Collected data
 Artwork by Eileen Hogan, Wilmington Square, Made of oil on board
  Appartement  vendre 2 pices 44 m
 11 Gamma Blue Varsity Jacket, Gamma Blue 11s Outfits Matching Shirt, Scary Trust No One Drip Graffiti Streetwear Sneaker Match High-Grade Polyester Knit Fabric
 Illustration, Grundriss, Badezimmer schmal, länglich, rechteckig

Exercise aim
Nothing should be left out or altered, so reproduce the whole listing.

Response for this exercise
 Artwork by Eileen Hogan, Wilmington Square, Made of oil on board
  Appartement  vendre 2 pices 44 m
 11 Gamma Blue Varsity Jacket, Gamma Blue 11s Outfits Matching Shirt, Scary Trust No One Drip Graffiti Streetwear Sneaker Match High-Grade Polyester Knit Fabric
 Illustration, Grundriss, Badezimmer schmal, länglich, rechteckig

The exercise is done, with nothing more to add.